──────── EXERCISE MATERIALS ────────

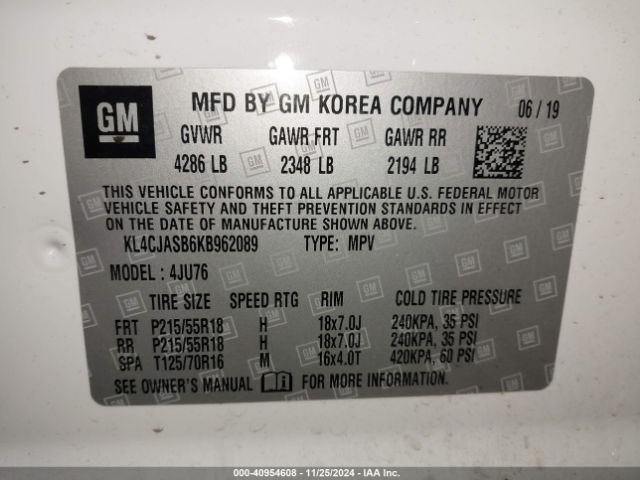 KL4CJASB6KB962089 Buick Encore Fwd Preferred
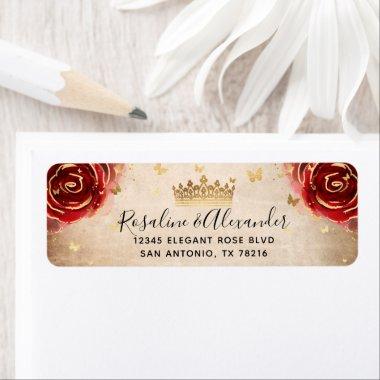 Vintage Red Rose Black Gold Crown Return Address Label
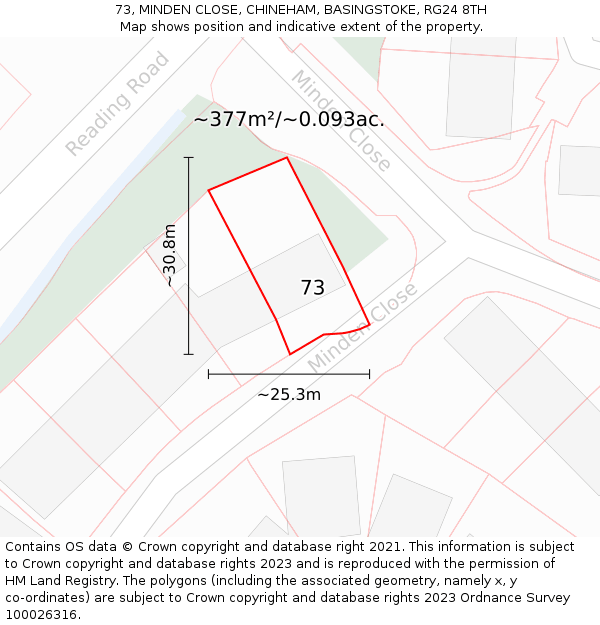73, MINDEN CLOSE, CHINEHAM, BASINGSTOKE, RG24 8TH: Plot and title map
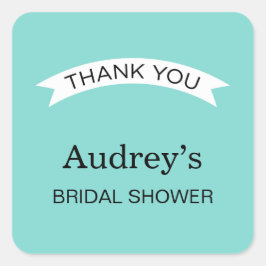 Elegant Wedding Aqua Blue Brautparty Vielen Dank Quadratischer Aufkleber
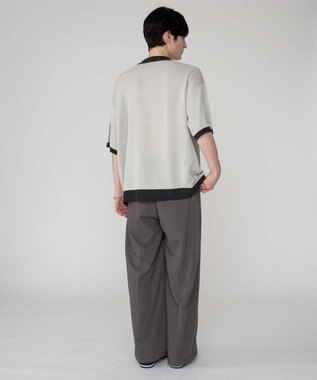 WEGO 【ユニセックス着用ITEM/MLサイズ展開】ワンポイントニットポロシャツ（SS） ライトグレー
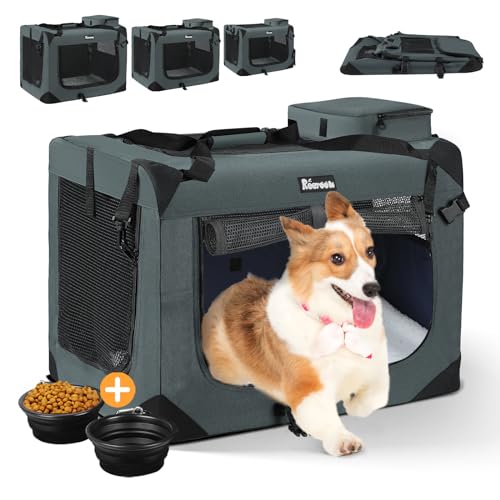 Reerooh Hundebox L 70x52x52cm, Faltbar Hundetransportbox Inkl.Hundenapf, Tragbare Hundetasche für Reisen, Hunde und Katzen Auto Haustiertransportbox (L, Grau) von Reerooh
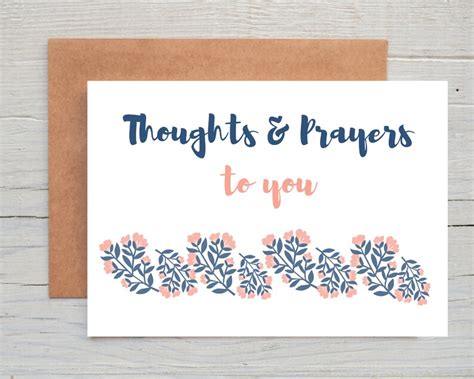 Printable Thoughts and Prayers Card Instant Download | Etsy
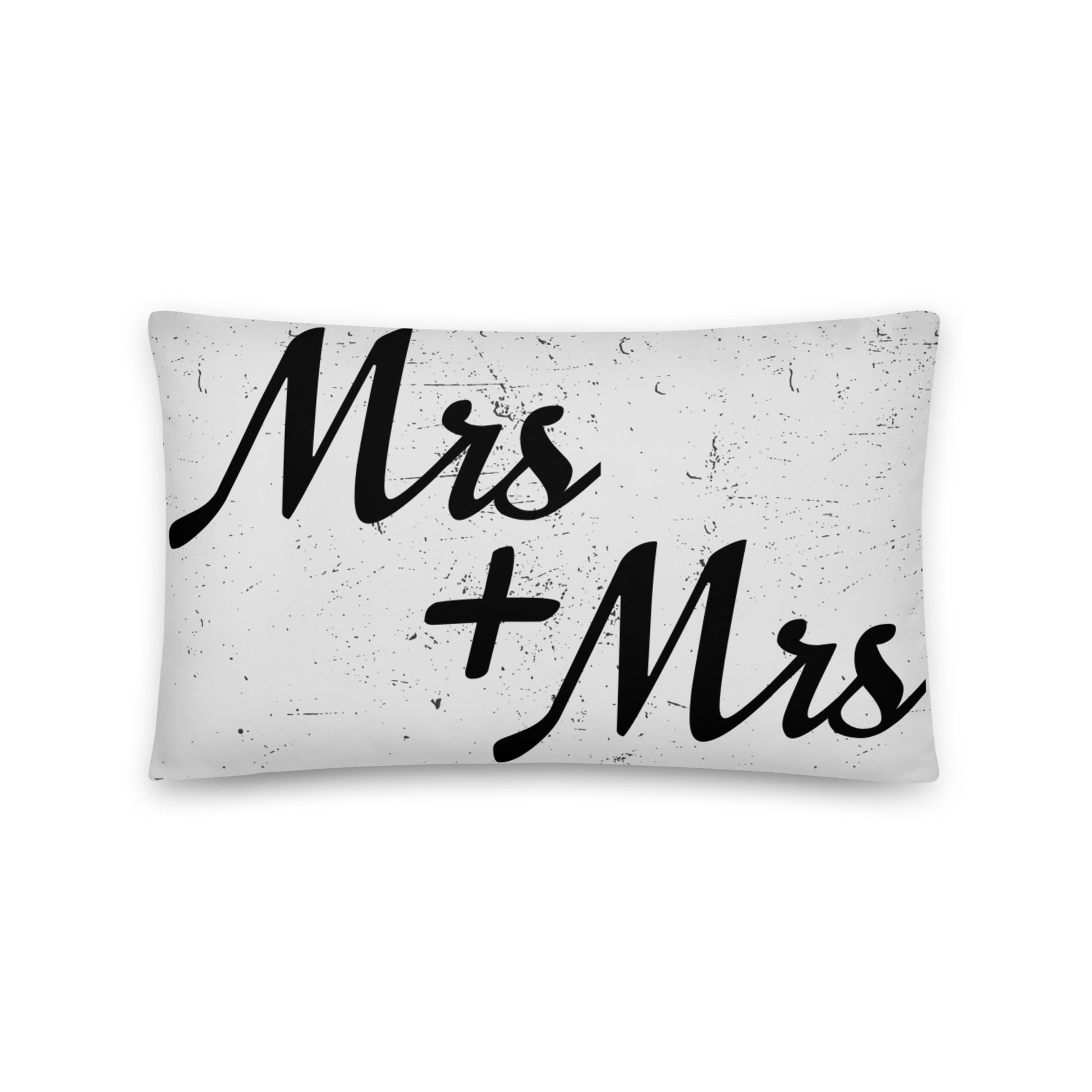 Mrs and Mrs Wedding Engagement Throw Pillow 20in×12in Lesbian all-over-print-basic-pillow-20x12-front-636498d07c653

────────
──────── EXERCISE MATERIALS ────────

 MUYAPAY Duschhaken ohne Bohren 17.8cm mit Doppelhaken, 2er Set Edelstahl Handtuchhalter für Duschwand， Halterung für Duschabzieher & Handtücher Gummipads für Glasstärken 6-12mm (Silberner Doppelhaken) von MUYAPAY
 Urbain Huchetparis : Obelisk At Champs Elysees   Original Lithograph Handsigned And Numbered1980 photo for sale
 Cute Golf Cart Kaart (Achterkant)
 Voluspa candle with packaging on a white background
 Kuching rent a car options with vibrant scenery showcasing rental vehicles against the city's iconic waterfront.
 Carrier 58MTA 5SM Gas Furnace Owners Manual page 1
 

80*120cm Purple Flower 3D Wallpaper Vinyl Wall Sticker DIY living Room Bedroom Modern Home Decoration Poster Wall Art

────────

§ **YOUR TASK**
Leaving out each picture, repeat exactly the lines above from the one that contains "KL4CJASB6KB962089 Buick Encore Fwd Preferred" through the one that contains "Printable Thoughts and".

§ **SOLUTION TO THE EXERCISE**
 KL4CJASB6KB962089 Buick Encore Fwd Preferred
 Vintage Red Rose Black Gold Crown Return Address Label
73, MINDEN CLOSE, CHINEHAM, BASINGSTOKE, RG24 8TH: Plot and title map
 Elegant Wedding Aqua Blue Brautparty Vielen Dank Quadratischer Aufkleber
 WEGO 【ユニセックス着用ITEM/MLサイズ展開】ワンポイントニットポロシャツ（SS） ライトグレー
 Reerooh Hundebox L 70x52x52cm, Faltbar Hundetransportbox Inkl.Hundenapf, Tragbare Hundetasche für Reisen, Hunde und Katzen Auto Haustiertransportbox (L, Grau) von Reerooh
 Printable Thoughts and Prayers Card Instant Download | Etsy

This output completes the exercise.